» Collected data

Content starts

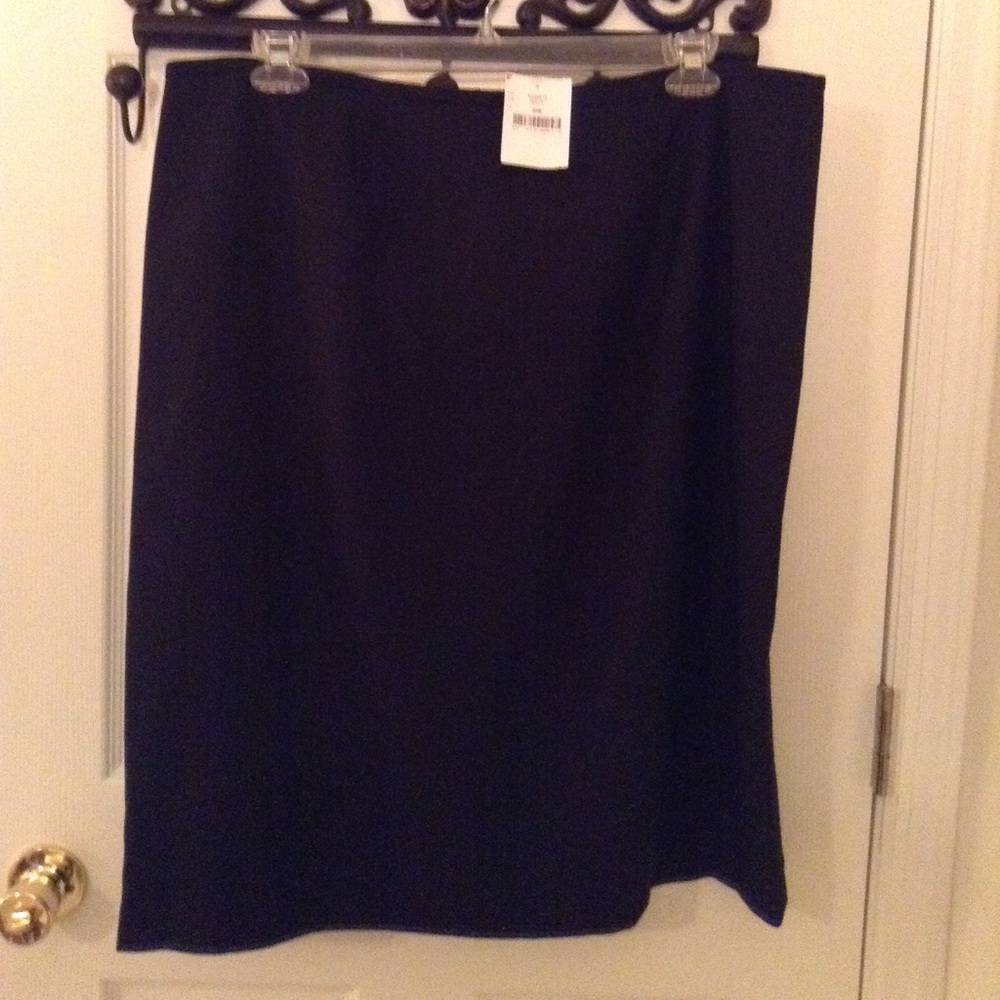 Skirt - Picture 2 of 5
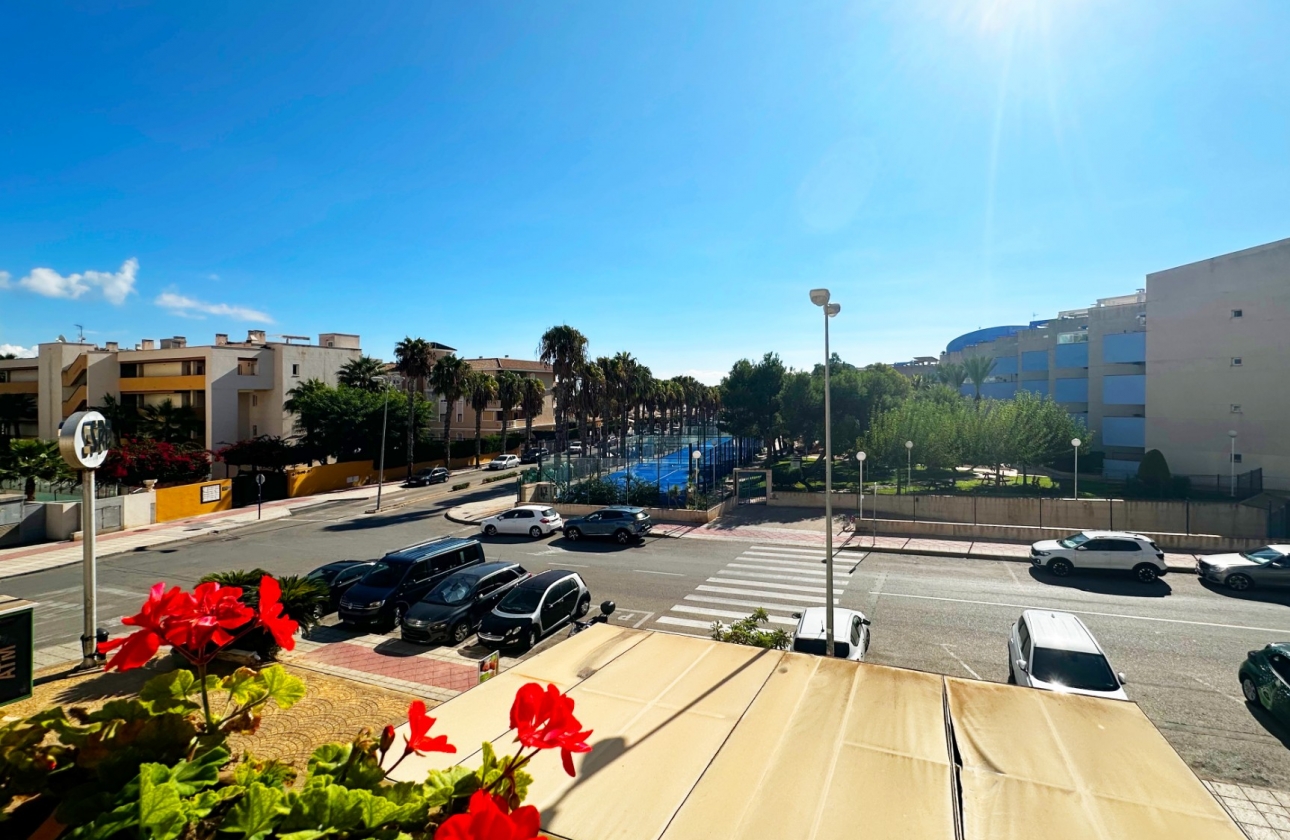 Resale - Apartment - Orihuela Costa - Aguamarina
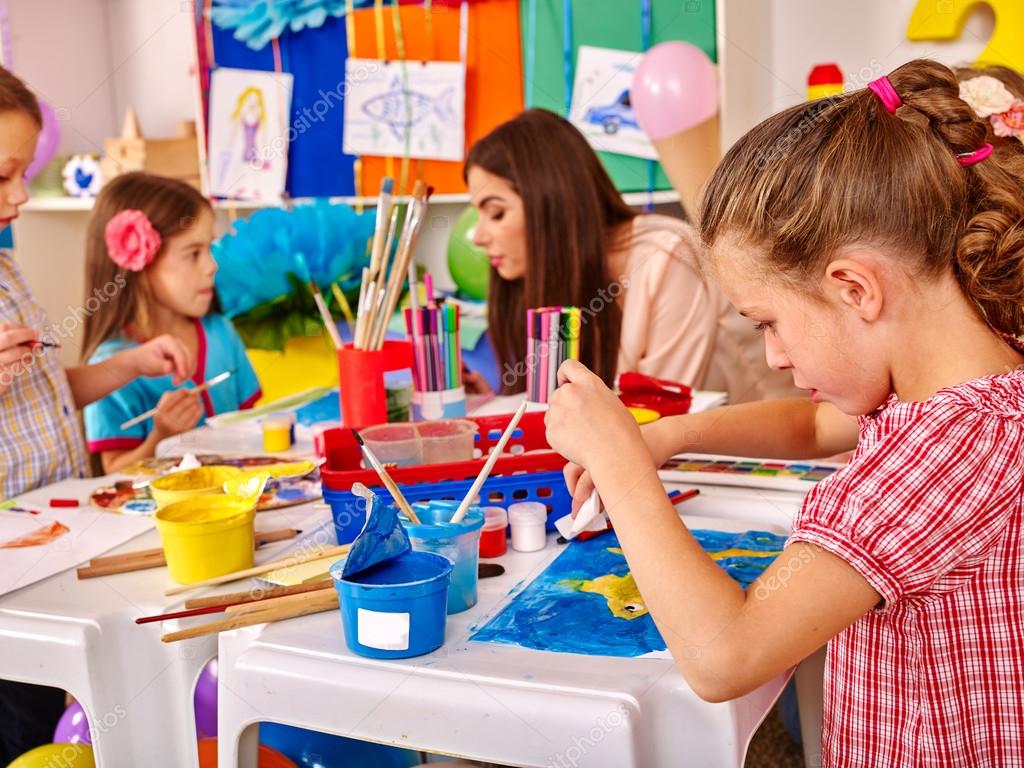 Foto Caucasiana bela jovem professora ensinando arte para crianças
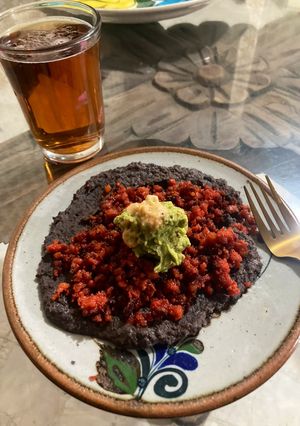 A picture of Chorizo with Beans and Guacamole by @Jauregri🍴.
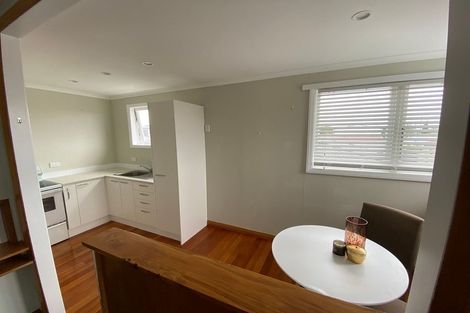 Photo of property in 49 Meeanee Road, Taradale, Napier, 4112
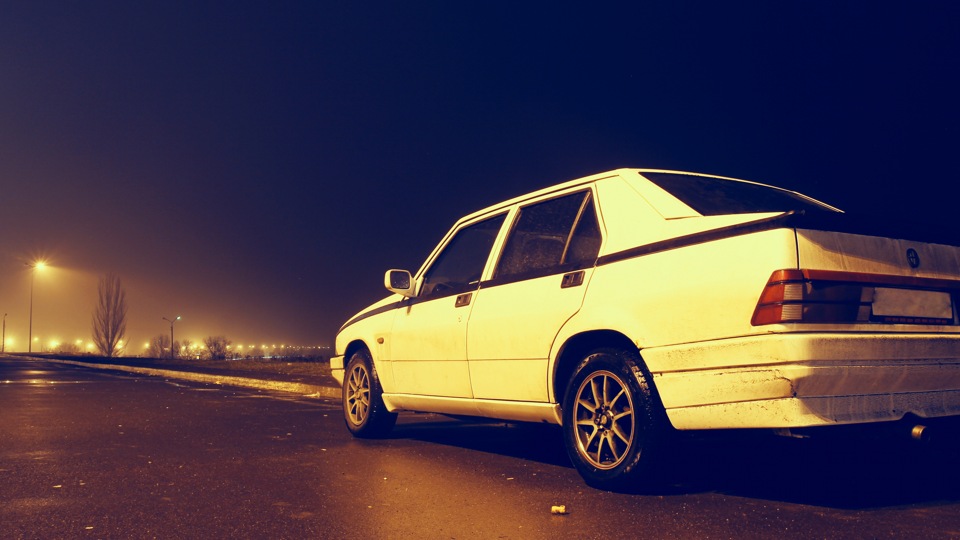 Alfa Romeo 75 1.6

Content ends

» Task
Return each record above as it stands. Pictures stay out.

» Problem solution
 Skirt - Picture 2 of 5
 Resale - Apartment - Orihuela Costa - Aguamarina
 Foto Caucasiana bela jovem professora ensinando arte para crianças
 A picture of Chorizo with Beans and Guacamole by @Jauregri🍴.
 Photo of property in 49 Meeanee Road, Taradale, Napier, 4112
 Alfa Romeo 75 1.6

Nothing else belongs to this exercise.